For the past month, I’ve programmed in nothing but Matlab. Kinda sad, because I don’t even care for Matlab. I prefer Python.
I was going through a store called Tuesday Morning to look at the stuff for sale. It’s a bit of a junk store. They had a DVD for sale containing every Fantastic Four comic book on PDF from 1961 to 2004 for only $15. Being a comic fan, I had to get it.
Each issue is scanned into PDF format. Each 2 pages of the paper issue is combined into 1 page of the PDF. I didn’t like this, so I decided to write a Python script to cut each page of the PDF down the middle into two pages and stitch the document back together. This means that 1 page of a comic book equals 1 page of PDF.
I use is the handy pyPdf library. It’s doing all of the magic in this script.
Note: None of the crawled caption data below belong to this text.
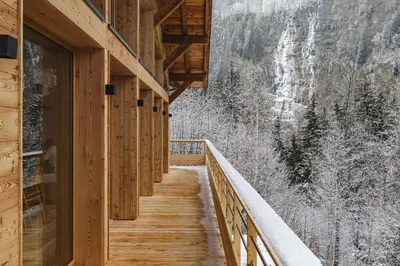 a stairway leading to a building with a snow covered mountain at 7 Summits - Chalet 230m2 Salon Cathedrale Vues Cheminee in Les Houches
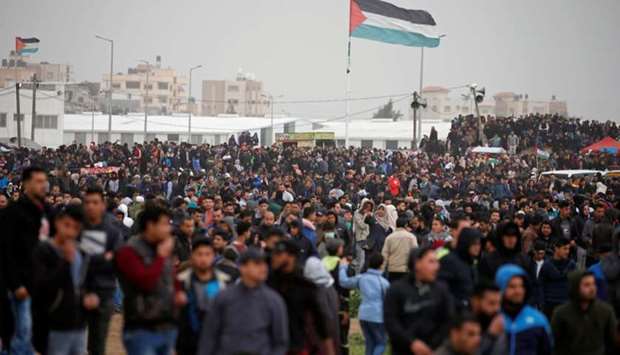 Palestinians gather during a protest marking Land Day and the first anniversary of a surge of border protests, at the Israel-Gaza border fence east of Gaza City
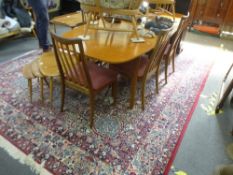 Mid Century teak extending table and set 6 teak barback dining chairs upholstered in pink fabric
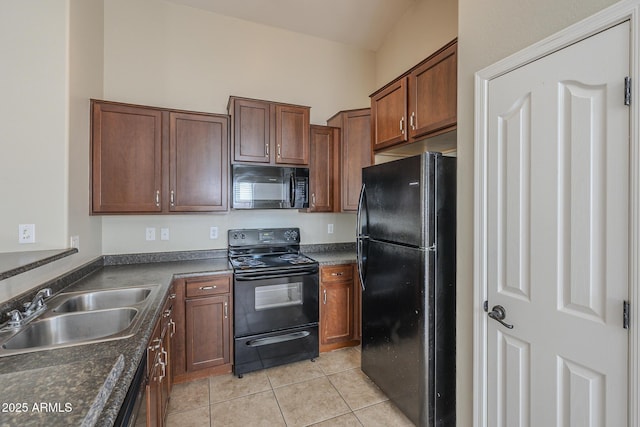 kitchen featuring light tile patterned flooring, sink, and black appliances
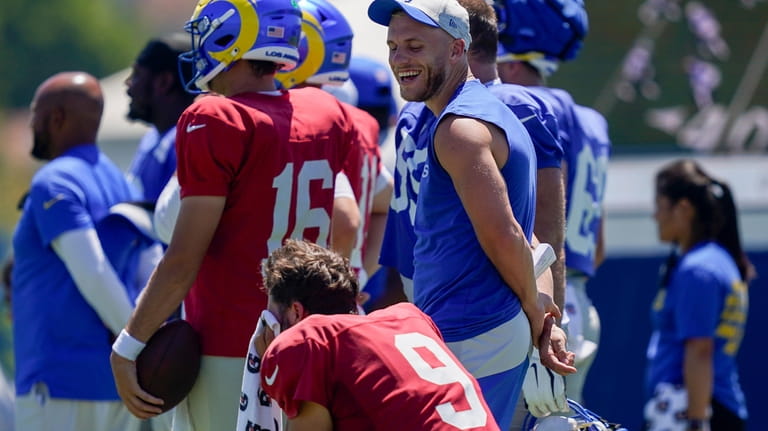 Los Angeles Rams wide receiver Cooper Kupp speaks with quarterback...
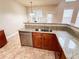 Kitchen featuring granite countertops, wood cabinets, and stainless steel dishwasher at 4978 Arborview Pkwy, Acworth, GA 30101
To execute this script:
$ python splitPages.py InputDocument.pdf OutputDocument.pdf
(Since the comics are intellectual property owned by Marvel, I’m going to not post screen shots.)
from pyPdf import PdfFileWriter, PdfFileReader
import sys
print "Reading", sys.argv[1]
output = PdfFileWriter()
left = PdfFileReader(file(sys.argv[1], "rb"))
right = PdfFileReader(file(sys.argv[1], "rb"))
left.decrypt('')
right.decrypt('')
pages = left.getNumPages()
for i in range(0, pages):
# Grab the left page
p = left.getPage(i)
p.mediaBox.upperRight = (
p.mediaBox.getUpperRight_x() / 2,
p.mediaBox.getUpperRight_y()
)
output.addPage(p)
# Grab the right page
p = right.getPage(i)
p.mediaBox.upperLeft = (
p.mediaBox.getUpperRight_x() / 2,
p.mediaBox.getUpperRight_y()
)
output.addPage(p)
print "Writing", sys.argv[2]
outputStream = file(sys.argv[2], "wb")
output.write(outputStream)
outputStream.close()